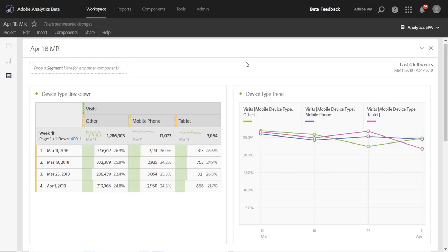Hi, this is Jen Lasser with Adobe Analytics Product Management. In this video, I'm going to introduce you to a new feature that we're calling percent of row.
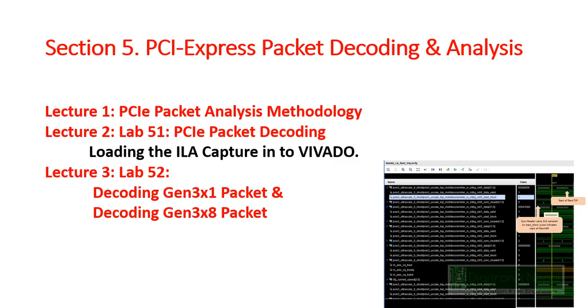Hello guys, welcome to section 5 of PCI Express development with FPGA. We are in PCI Express packet decoding and analysis. In this section we have three lecture series, and in the first lecture we have an introduction session about PCI Express packet analysis methodology.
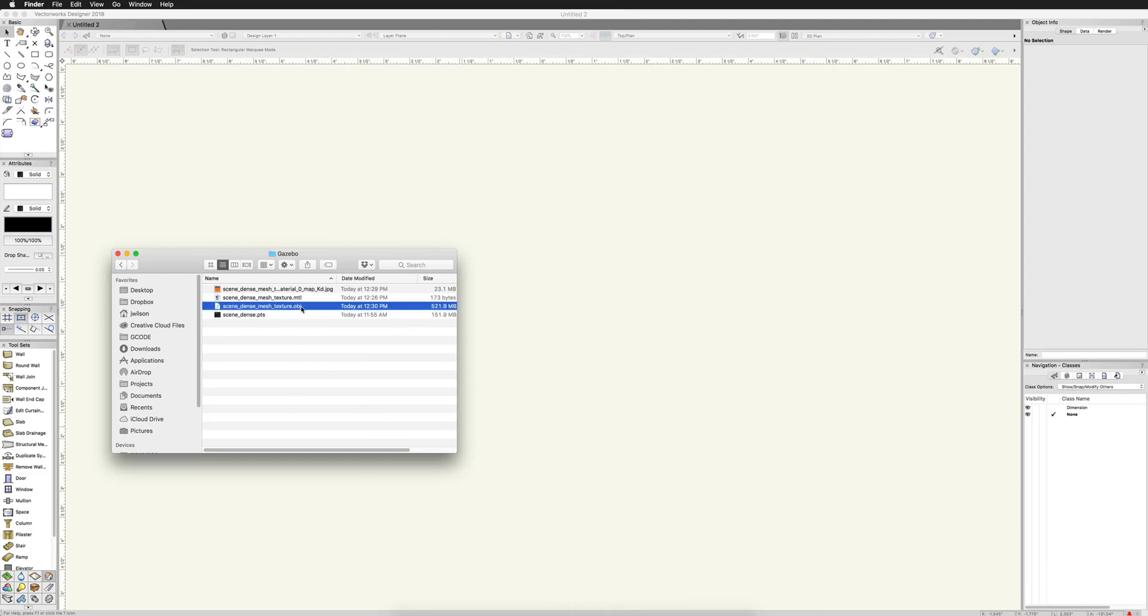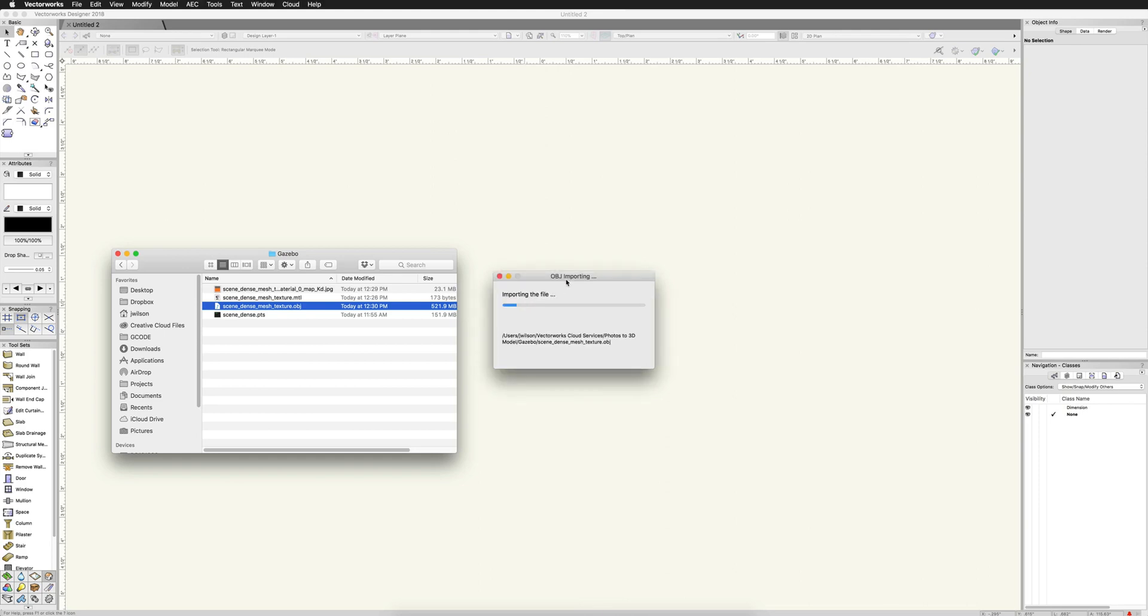This file needs the material and the jpeg files present in order to get the texturing, otherwise you're just going to get a grayscale model. You're not going to get any color. We'll go ahead and drag this in to import it. This just brings up the regular obj import file. So we'll go ahead and speed this up a little bit.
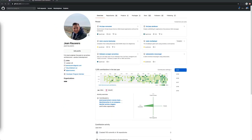Hey guys, welcome back to episode 13 — this is episode 13b. Today we're going to create two new repos, split the code between front-end and back-end, and start to deploy this code to Heroku.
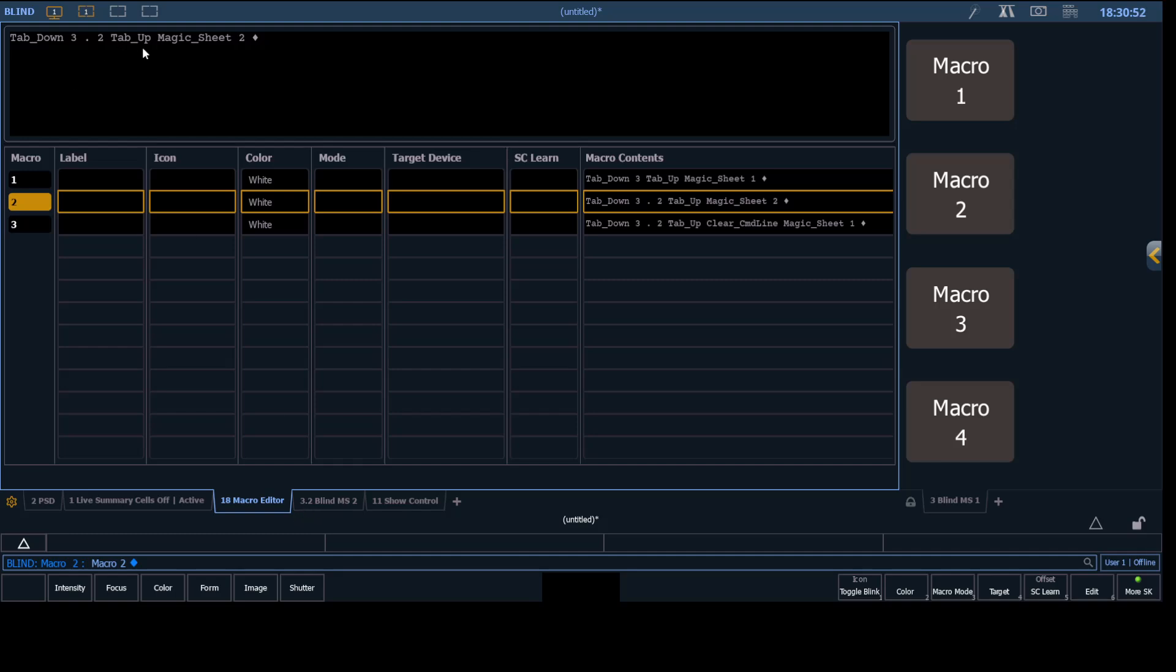And then tab up, which is just releasing the tab key. And then we're targeting magic sheet 2 specifically to this numbered tab.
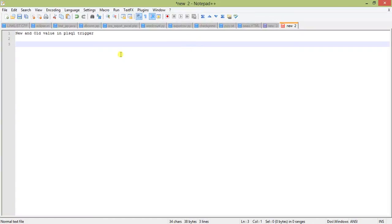Whenever we are inserting a new record in a table, there is no old value — nothing is written on the disk for that row — so only the new value exists. In case of updating, the old value is what exists on the disk, and the new value is what we are changing it to. In case of deleting, there is no new value; only the old value exists, which is what has been deleted from the disk.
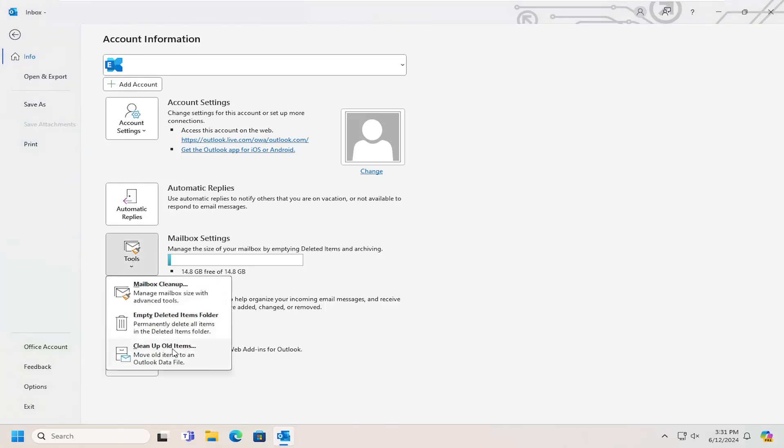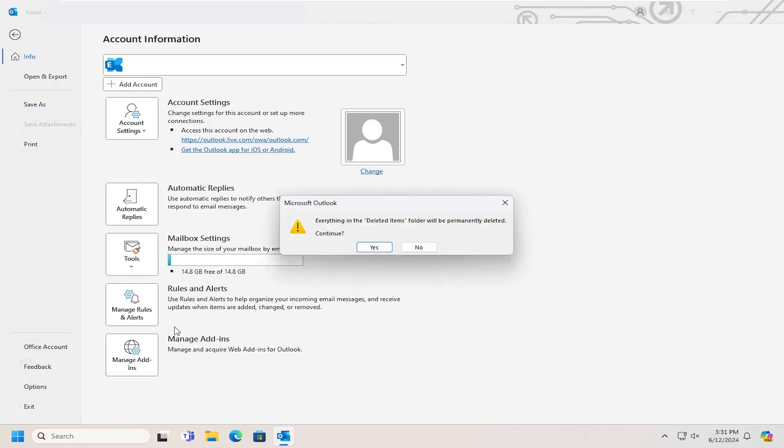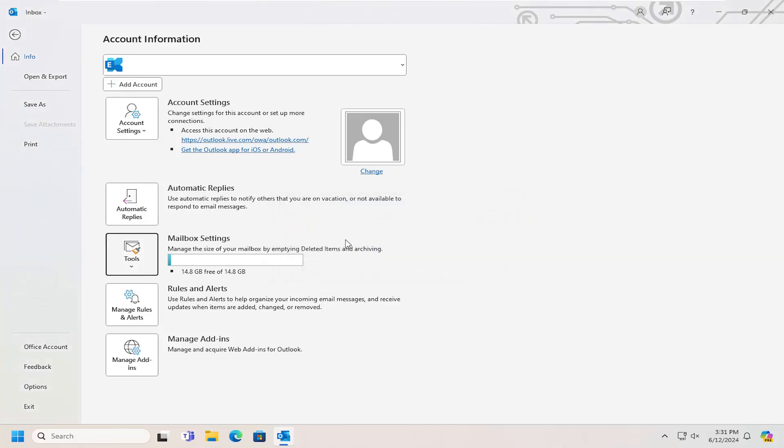Select where it says Empty Deleted Items folder, which will permanently delete all items in the Deleted Items folder. Left-click on that. You'll see a warning that everything will be permanently deleted. Continue and select Yes.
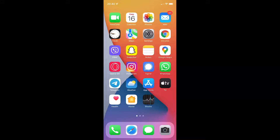Hi guys, in this video I will show you how to turn on or off App Privacy Report on your iPhone running iOS version 15.2. So this is my iPhone device, so let's start.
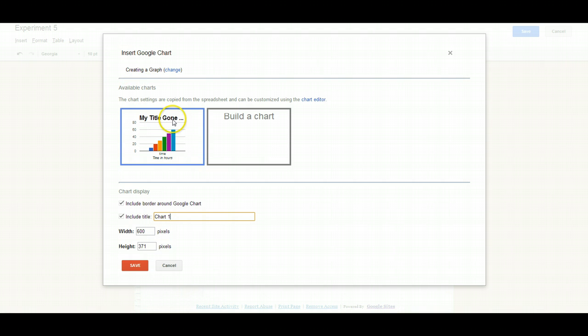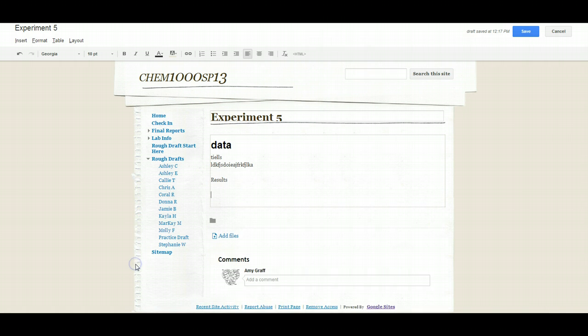Now here's your options. It tells you this is what's available. You can include a border. Now I need to have a title. So again, this is going to be whatever your title is. You'll need to type in here and then you'll just save it.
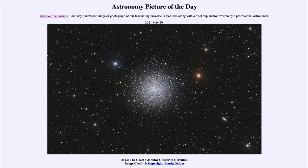So that was our picture of the day for May the 20th of 2021, titled M13, the Great Globular Cluster in Hercules. We'll be back again tomorrow for the next picture. So until then, have a great day everyone, and I will see you in class.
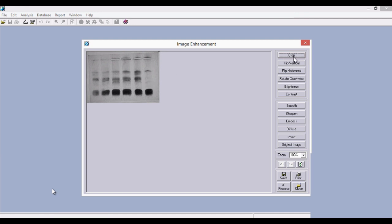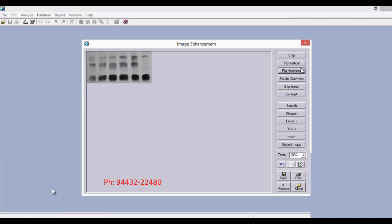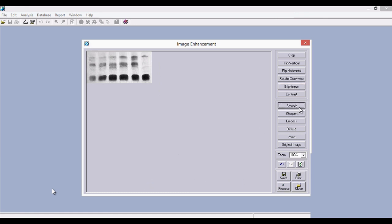You can see many buttons present here such as crop, flip vertical, brightness, contrast, and smooth. We can use these options to enhance the quality of the image captured through the camera. The first option is crop — this selects only a portion of the image for analysis. I am choosing this area here. We can flip the image vertically or horizontally using these two buttons, and also rotate the image clockwise by clicking this button. We can also adjust the brightness and contrast so that the bands and lines are clearly visible and background noise or dots are removed. You can also use the smooth button to fine tune the image quality.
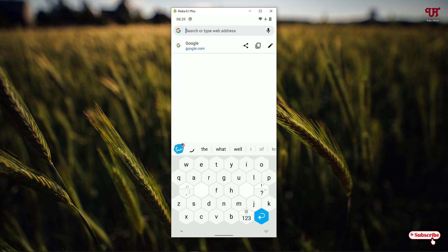It is very useful if you want to use it with two hands. Definitely a cool-looking keyboard application that you should try on your respective Android and iOS devices.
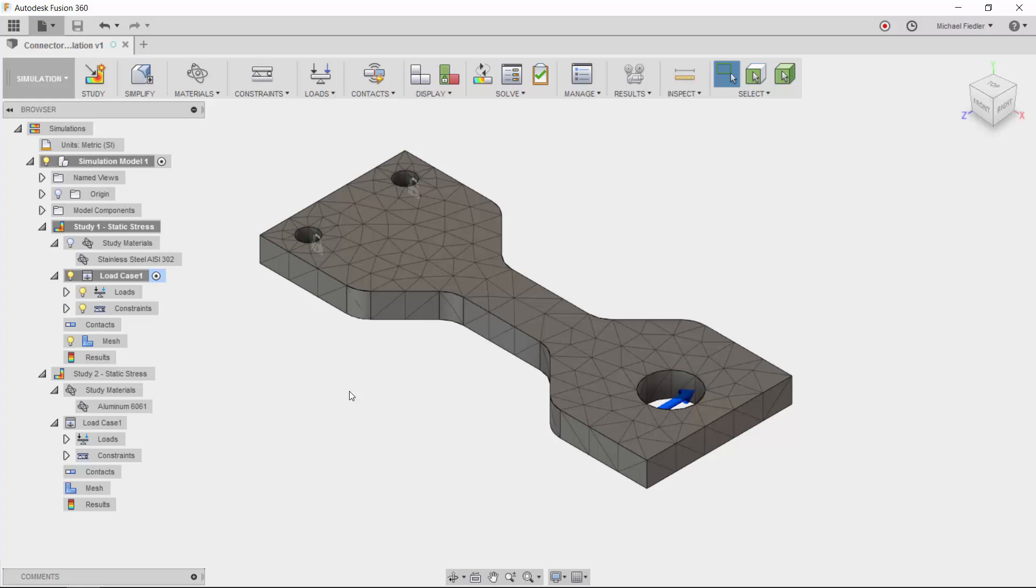So let's go ahead and take a look. Here, I already have two different studies set up that I know I want and need to analyze for this part.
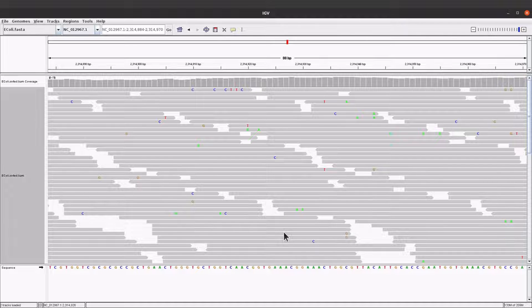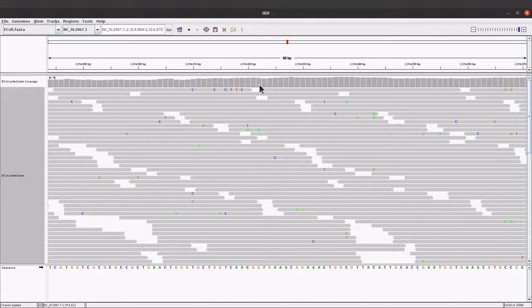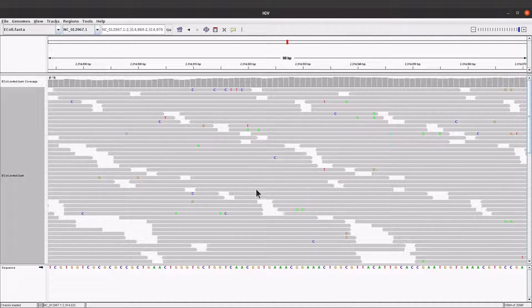Let's check the coverage information. This section here is the coverage - for each nucleotide or base we have the coverage shown here, and some are higher than others. Each of these represents the sum of reads mapped to that position. If you compare two positions and one is higher, that means more reads mapped to that position compared to the other. So it's important to also look at the coverage information.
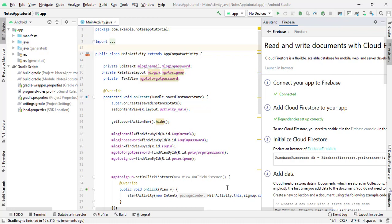This video may be short, and the next part of the notes application series may also be short, because in the next part I will just check whether our project is connected with Firebase correctly by creating a new user. From onwards I will try to make bigger videos and complete this notes application as soon as possible. If you like the video, please like and subscribe the channel for the latest updates and share it with your friends. Thank you, see you soon in the next video.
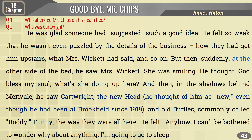We will discuss two questions here. Number one: who attended Mr. Chips on his deathbed? Number two: who was Cotwright? He was glad someone had suggested such a good idea. He felt so weak that he wasn't even puzzled by the details of the business - he didn't wonder how they had got him upstairs, what Mrs. Wickert had said, and so on.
- - -
(WHAT THE TASK REQUIRES) Could you copy each line above exactly as written, minus any pictures?

(WRITTEN REPLY)
Hi, this is Jen Lasser with Adobe Analytics Product Management. In this video, I'm going to introduce you to a new feature that we're calling percent of row.
Hello guys, welcome to section 5 of PCI Express development with FPGA. We are in PCI Express packet decoding and analysis. In this section we have three lecture series, and in the first lecture we have an introduction session about PCI Express packet analysis methodology.
This file needs the material and the jpeg files present in order to get the texturing, otherwise you're just going to get a grayscale model. You're not going to get any color. We'll go ahead and drag this in to import it. This just brings up the regular obj import file. So we'll go ahead and speed this up a little bit.
Hey guys, welcome back to episode 13 — this is episode 13b. Today we're going to create two new repos, split the code between front-end and back-end, and start to deploy this code to Heroku.
And then tab up, which is just releasing the tab key. And then we're targeting magic sheet 2 specifically to this numbered tab.
Whenever we are inserting a new record in a table, there is no old value — nothing is written on the disk for that row — so only the new value exists. In case of updating, the old value is what exists on the disk, and the new value is what we are changing it to. In case of deleting, there is no new value; only the old value exists, which is what has been deleted from the disk.
Select where it says Empty Deleted Items folder, which will permanently delete all items in the Deleted Items folder. Left-click on that. You'll see a warning that everything will be permanently deleted. Continue and select Yes.
Hi guys, in this video I will show you how to turn on or off App Privacy Report on your iPhone running iOS version 15.2. So this is my iPhone device, so let's start.
Now here's your options. It tells you this is what's available. You can include a border. Now I need to have a title. So again, this is going to be whatever your title is. You'll need to type in here and then you'll just save it.
So that was our picture of the day for May the 20th of 2021, titled M13, the Great Globular Cluster in Hercules. We'll be back again tomorrow for the next picture. So until then, have a great day everyone, and I will see you in class.
You can see many buttons present here such as crop, flip vertical, brightness, contrast, and smooth. We can use these options to enhance the quality of the image captured through the camera. The first option is crop — this selects only a portion of the image for analysis. I am choosing this area here. We can flip the image vertically or horizontally using these two buttons, and also rotate the image clockwise by clicking this button. We can also adjust the brightness and contrast so that the bands and lines are clearly visible and background noise or dots are removed. You can also use the smooth button to fine tune the image quality.
It is very useful if you want to use it with two hands. Definitely a cool-looking keyboard application that you should try on your respective Android and iOS devices.
So let's go ahead and take a look. Here, I already have two different studies set up that I know I want and need to analyze for this part.
Let's check the coverage information. This section here is the coverage - for each nucleotide or base we have the coverage shown here, and some are higher than others. Each of these represents the sum of reads mapped to that position. If you compare two positions and one is higher, that means more reads mapped to that position compared to the other. So it's important to also look at the coverage information.
This video may be short, and the next part of the notes application series may also be short, because in the next part I will just check whether our project is connected with Firebase correctly by creating a new user. From onwards I will try to make bigger videos and complete this notes application as soon as possible. If you like the video, please like and subscribe the channel for the latest updates and share it with your friends. Thank you, see you soon in the next video.
We will discuss two questions here. Number one: who attended Mr. Chips on his deathbed? Number two: who was Cotwright? He was glad someone had suggested such a good idea. He felt so weak that he wasn't even puzzled by the details of the business - he didn't wonder how they had got him upstairs, what Mrs. Wickert had said, and so on.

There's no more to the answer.